Then there is Ornstein, one of dozens of agents, marketing men and other hanger-ons who were familiar faces around the program the past few years, who was welcome at Carroll's practices.

It's damning enough that two sources claim USC assistant Todd McNair knew of New Era's relationship with Bush, that Bush himself believed Carroll was going to investigate the situation and began covering it up and that New Era representatives were welcome in the Trojan locker room during the 2005 season.

With Ornstein it is worse. It's not just that Ornstein is a convict who in 1995 pleaded guilty to one count of mail fraud for defrauding the NFL and that Ornstein, in possible violation of NCAA statutes, admits he negotiated contracts for Bush during the 2005 season or that the credit card of an Ornstein employee was used to pay for flights and limo rides to the San Francisco Ritz-Carlton for Bush's family during the weekend of the USC-Cal game.

It's that Ornstein didn't operate in the shadows to offer USC a convenient "How could we know?" excuse.

Ornstein was so up front he even worked with the USC compliance office in May of 2005 to set up a paid internship at his company for Bush and other Trojan players.

"We went through SC, went through the compliance office," Ornstein said. "We are allowed to pay the guy for 20 hours a week, $8 an hour. All of the paperwork is filed. It was just something we wanted to do to help Pete Carroll because they always are looking for summer jobs."

So a convicted marketing agent approached the USC compliance office, which is supposed to monitor potential violations, and offered to "help" Carroll by employing his mega-talented future first-round draft pick, and no one thought, gee, this might be not be a good idea?
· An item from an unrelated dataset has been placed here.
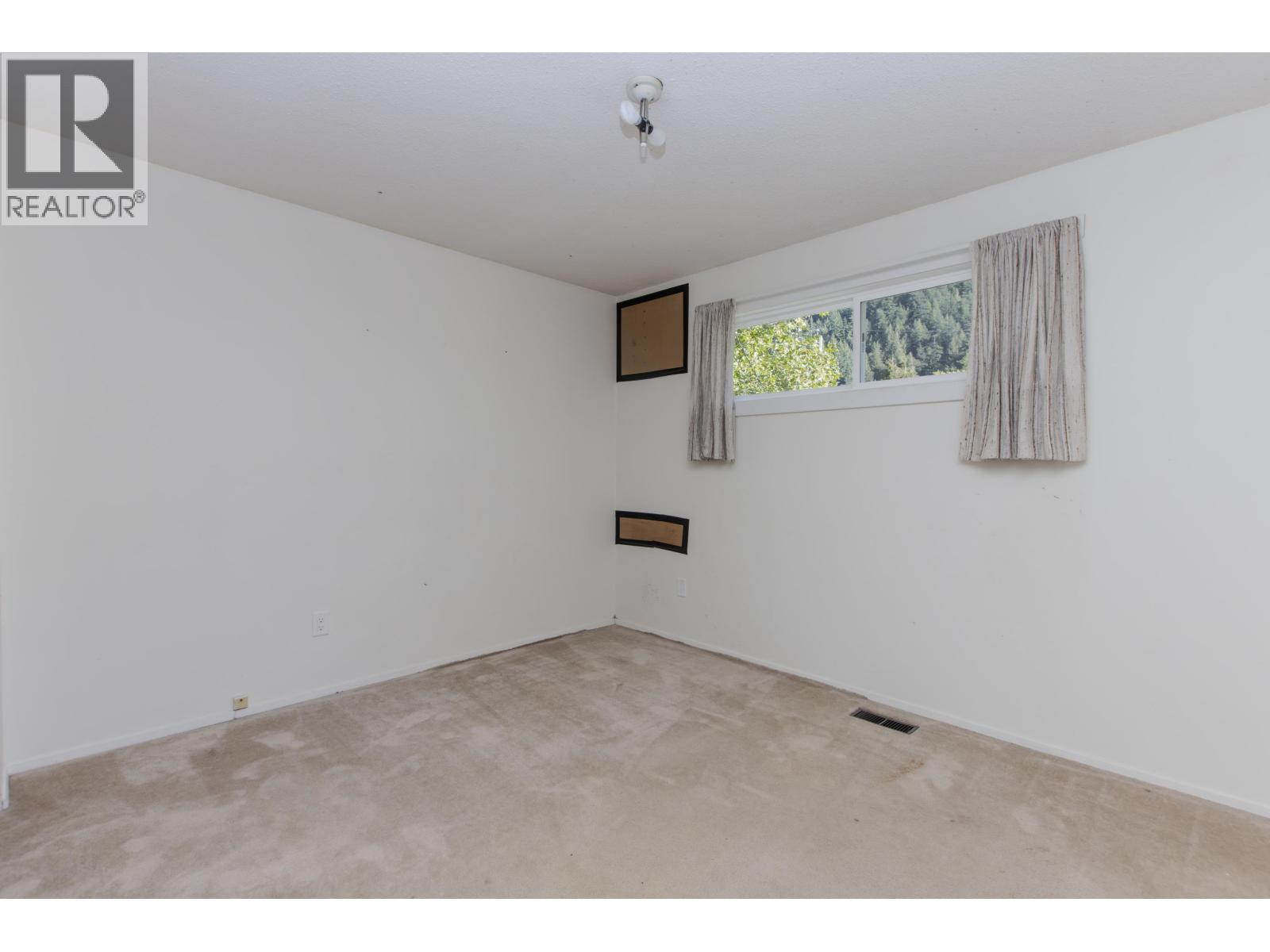 38183 Lombardy Crescent, Squamish, British Columbia  V8B 0X3 - Photo 16 - R3059497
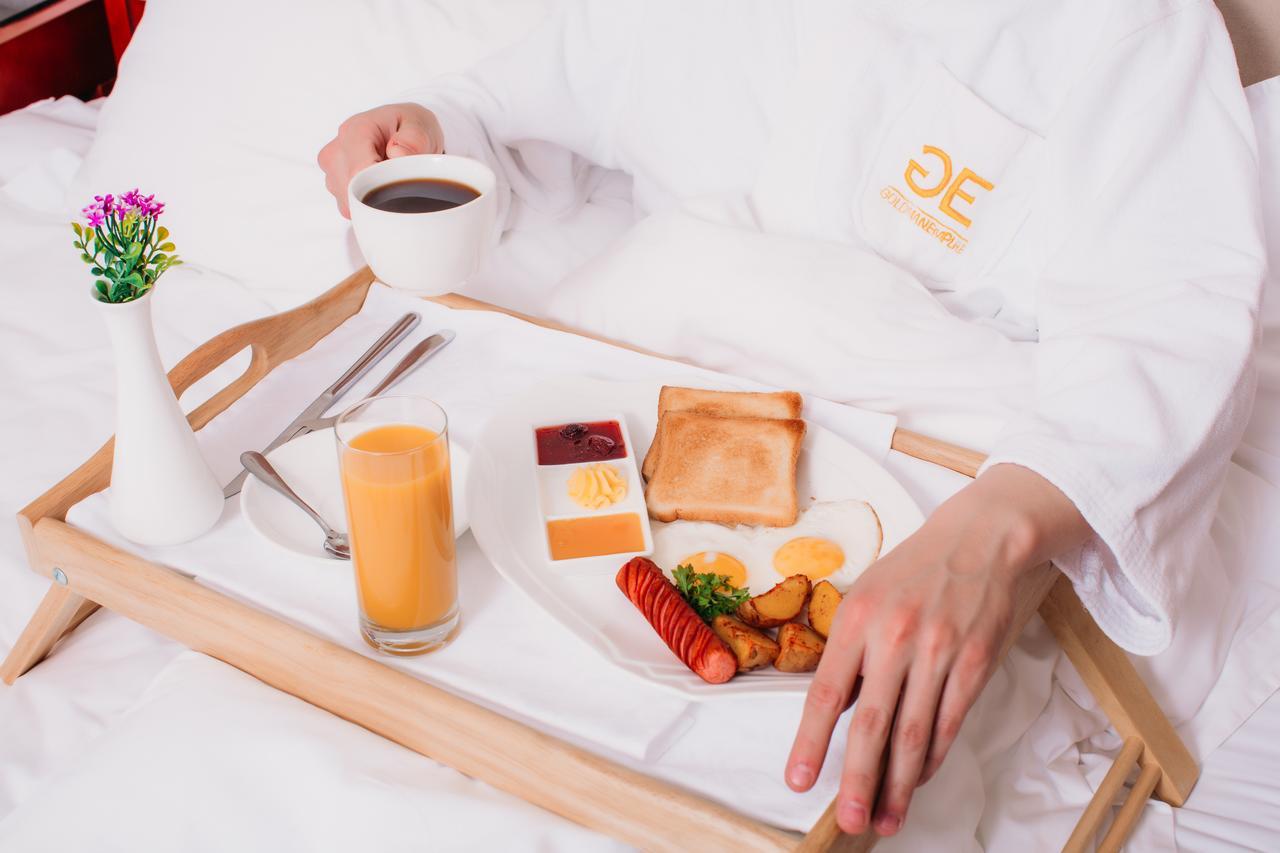 Goldman Empire Hotel Astana Ngoại thất bức ảnh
Carroll, who spent 16 seasons as an NFL coach, surely not only knew Ornstein personally, but he also knew of Ornstein's reputation as a hard-driving sort who had defrauded the NFL. Ornstein is a heck of a marketing guy – Bush's multitude of deals proves that – but he is the kind of person that you don't dare ship your tailback off to and figure nothing bad can come of it.

To do so is inexplicable. That may be why USC refused to explain it to Yahoo! Sports, citing concurrent Pac-10 and NCAA investigations into the case.

"To be quite honest with you, when we took Reggie on we didn't have in our mind that we were going to try to get him as a client," Ornstein claimed.

Which is quite believable … if you are as stunningly naive as the Trojan athletic department.

While having a student-athlete intern for a sports marketing agency is not necessarily a violation of NCAA rules, this scenario is a violation of common sense.

It is no surprise that it led to Ornstein doling out payments of over $1,500 per week to Bush's family as well as numerous other gifts, as business associate Bob DeMartino said Ornstein told him. Or that Ornstein wound up making cash payments directly to Bush, as New Era's Lloyd Lake says Bush told him.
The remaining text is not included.